Game & Watch Gallery 3 is not a game I had back in the day. I did not really own a Game Boy Color, and by the time I had a Game Boy Advance, this was an afterthought. I actually had the very first game on the Nintendo Game Boy and liked it okay. But this third installment really rubbed me the wrong way. This one is included in the Nintendo Switch Online membership with the Game Boy collection, so that is how I played it.

For those unfamiliar, before Nintendo came out with the Game Boy, they were still in the handheld video game market, just on a much smaller scale. In America, these apparently ran anywhere from 20 to 50 dollars each, but most of them hit the market before the 1980s were over. Game & Watch Gallery 3 is a collection of different games they made for these little handheld devices. Almost all of them are very simple gaming devices with black and white graphics and flickering screens. In many ways, they were more basic than even the Atari 2600.

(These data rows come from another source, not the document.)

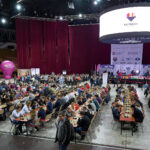 W Katowicach zakończyły się mistrzostwa Europy w szachach szybkich i błyskawicznych. Polacy wywalczyli medale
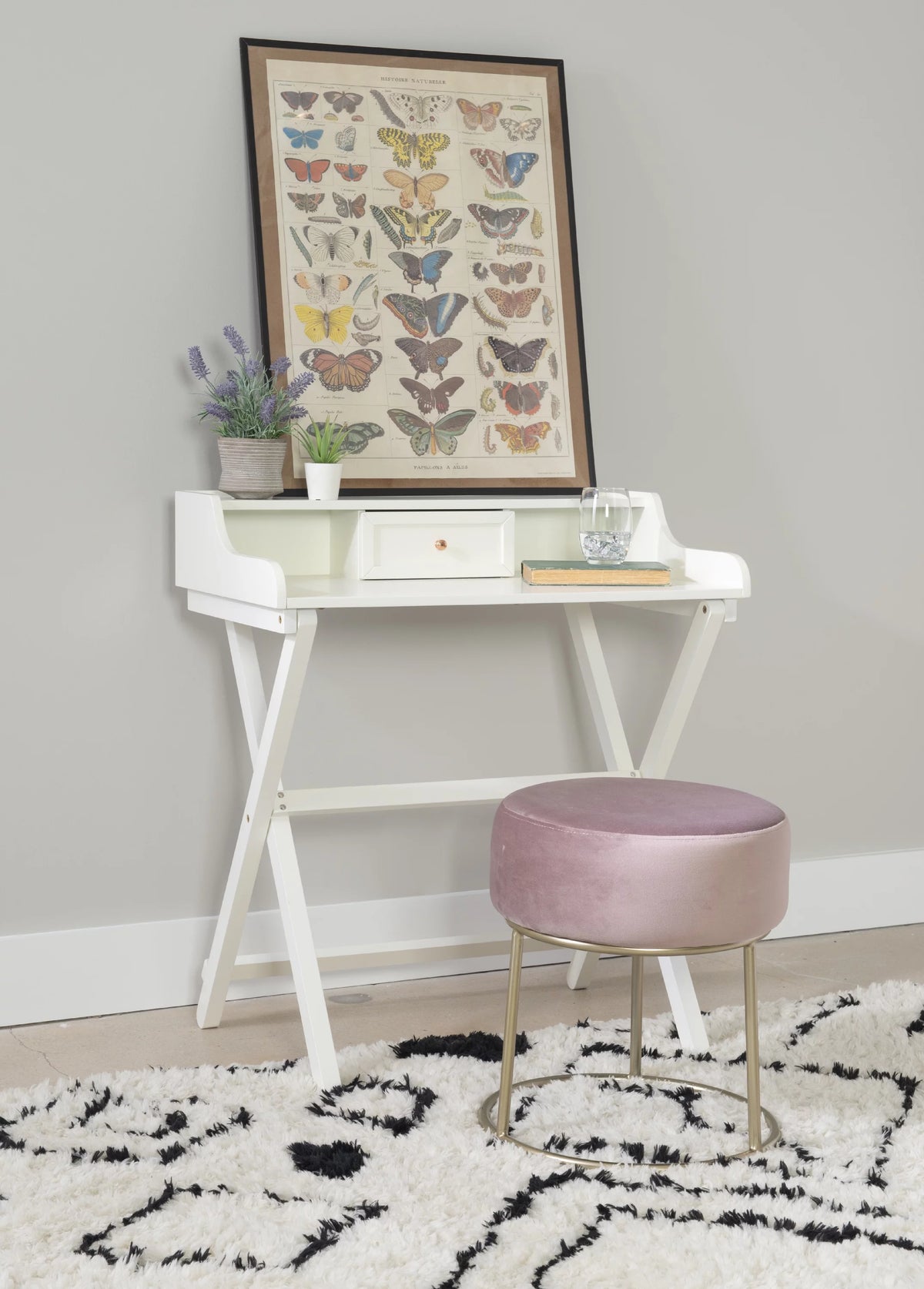Folding Desk H736428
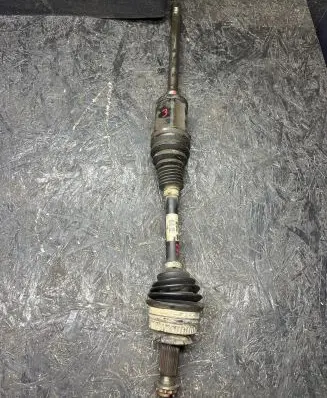 BMW 5 E60 E61 Front driveshaft 7529390 6263138400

In this third collection, some of the games are kind of recognizable to me, even though we only had one Game & Watch growing up, which was the original Donkey Kong. By the time I got my hands on it, my brothers had already broken it. This one reminds me of Donkey Kong 3, the one that nobody ever played, but featured Mario’s lesser known alleged cousin as a bug exterminator.

I cannot remember if every game had it or not, but this one definitely has modern modes for every game included. They can drastically change how the games are even played. For example, the Yoshi screenshot shown is the exact same game as the bug exterminator one above, according to the collection. But this one especially feels much different.

Probably my favorite in this collection was Donkey Kong Jr. I was a fan of the original game, the NES version, because I never played the arcade original. To be honest, this Game & Watch version is not quite the same.

Neither is the modern version of the game that you can optionally play. But while I was playing it, I thought it was wild that they were still putting Donkey Kong Jr. in a game published in 1999. There is a fan theory that Donkey Kong Jr. grew up to become Donkey Kong, and the original Donkey Kong became Cranky Kong, but there is absolutely no making sense of that timeline. Especially since Donkey Kong and Bowser get invited to go-kart races and play tennis despite being the original antagonists of the Mario series.

As I was playing through all the games, I just felt incredibly bored and unmotivated to keep going. The original release got pretty decent critical feedback, which I am a little surprised by. I guess it worked better when we did not have so many distractions in the world, such as high speed internet, streaming, and much better video games. But it did not take me very long to wonder what the point of playing this game even really was. Even stranger is that Nintendo has not put out the first two Game & Watch collections on the Nintendo Switch Online menu, nor the fourth game that apparently came out on the Game Boy Advance.